Todt menjadi satu di antara sosok yang paling mengenal Schumacher di luar keluarga. Keduanya menjalin hubungan erat sejak bekerja bersama di Ferrari, saat Schumacher meraih lima gelar juara dunia secara beruntun dan menjelma menjadi ikon global, bahkan di luar dunia balap.
Namun, di balik reputasi sebagai pembalap yang sangat kompetitif, Schumacher kerap dinilai sebagian orang sebagai sosok keras dan arogan.
Penilaian itu ditepis tegas oleh Todt.
Sebagai sahabat dekat sekaligus satu dari sedikit orang di luar keluarga yang masih diizinkan menjenguk Schumacher sejak kecelakaan ski pada 2013, Todt merasa punya gambaran jelas tentang karakter sang legenda.
"Michael adalah manusia yang cukup rapuh, bukan sosok dengan suara keras seperti orang yang merasa lebih tahu dari yang lain," ujar Todt.
Disalahartikan
Ia kemudian menceritakan pengalaman yang menurutnya sangat menggambarkan kepribadian Schumacher.

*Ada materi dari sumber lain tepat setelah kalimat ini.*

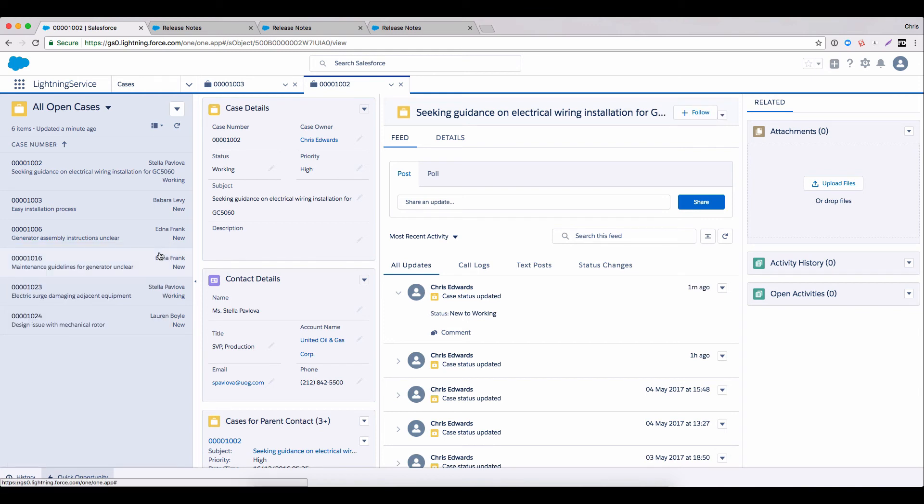So there we have it. Just a few examples of how Summer 17 and especially its lightning console can speed up your user's activity. But another thing that's really neat about Summer is that there are a few new features that do the exact same thing for us admins.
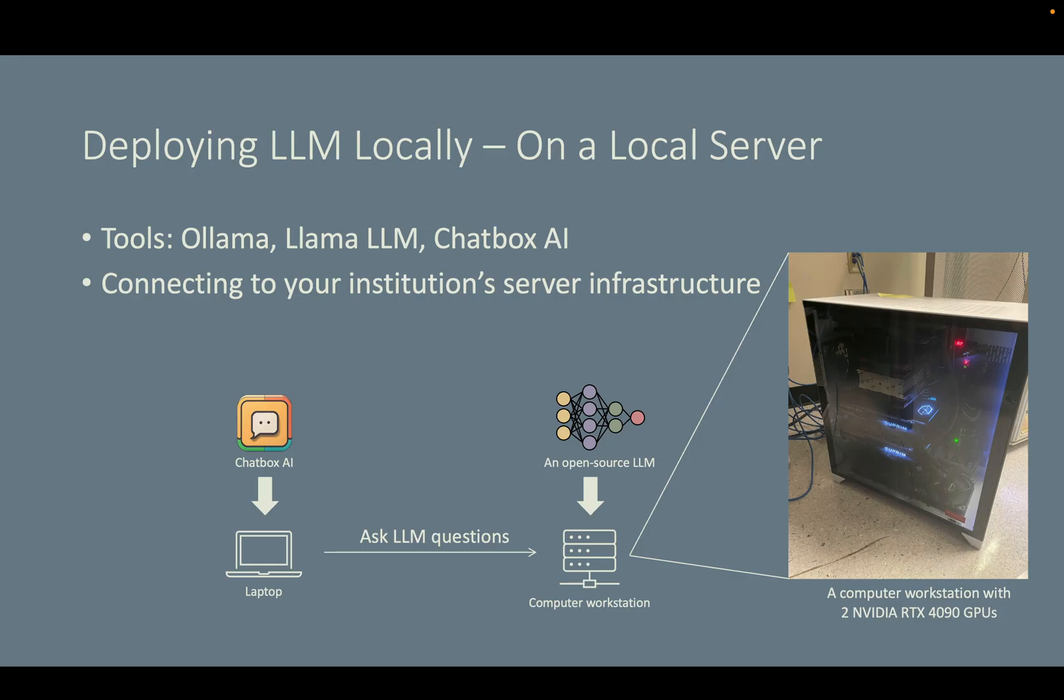Then on my laptop, I installed a tool called Chatbox AI, which is a client software that can connect to a large language model that deployed on a computer workstation, and I can chat with this large language model through this Chatbox AI. Since most audience of this workshop are not computer scientists, feel free to show this slide to your IT department or AI center and have them set up this for you.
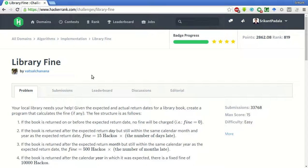Hello friends, this is Srikanth and today we will be solving this problem of Library Fine of HackerRank.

"Setelah menjadi juara dunia, sebelum memulai musim baru, dia meminta saya kembali ke lintasan pribadi di Fiorano. Dia berkata, 'Bisakah Anda memberi saya setengah hari untuk melakukan pengujian agar saya yakin masih dalam kondisi terbaik?' Menurut saya, itu adalah kekuatan besar, tidak selalu merasa diri sudah cukup baik," ungkapnya.
Saat ditanya apakah publik keliru menilai Schumacher sebagai pribadi arogan, Todt menjawab tanpa ragu.
"Ya, sepenuhnya mereka salah," tegasnya.
Meluruskan Citra
Ia menambahkan bahwa Schumacher sebenarnya adalah sosok yang pemalu dan murah hati, tetapi sering menutupi sifat tersebut dengan sikap yang terlihat keras.
"Michael adalah orang yang agak pemalu dan dermawan. Namun, dia menyembunyikan rasa malunya dengan terlihat seperti arogan. Itu bukan untuk keuntungan, itu memang bagian dari karakternya," kata Todt.
Hubungan keduanya berkembang pesat sejak awal kerja sama mereka, bahkan sebelum masa kejayaan Ferrari di awal 2000-an.
"Masalahnya, kami harus berjuang sejak 1997. Dia sadar dirinya dilindungi, dia sadar dirinya dicintai, jadi itu berjalan dua arah. Perlahan, hubungan profesional kami berubah menjadi hubungan pertemanan, bahkan seperti keluarga," ungkap Todt.
Masih Dijaga Ketat
Sejak mengalami kecelakaan ski yang mengubah hidupnya pada 2013, kondisi Schumacher jarang diketahui publik.
Istrinya, Corinna Schumacher, terus menjaga privasi keluarga dengan sangat ketat, terlebih setelah beberapa upaya pihak tak bertanggung jawab mencoba memanfaatkan situasi tersebut.
Kabar terbaru tentang Schumacher pun sangat terbatas. Wawancara dari anggota keluarga juga jarang muncul ke publik.
Namun, putrinya, Gina-Maria Schumacher, sempat berbagi cerita dalam sebuah dokumenter tentang kariernya di dunia berkuda.
"Setelah kecelakaan ayah, saya benar-benar menekuni ini karena saya harus melakukan sesuatu. Kuda selalu penting bagi saya, tetapi sejak saat itu, mereka benar-benar berarti segalanya. Saya tidak bisa hidup tanpa kuda," ujarnya.
"Mereka membantu saya melewati semuanya. Saya bersyukur bisa menjalani ini. Ini bukan sesuatu yang bisa dianggap remeh. Orang tua saya yang memungkinkan semua ini terjadi," kata Gina-Maria.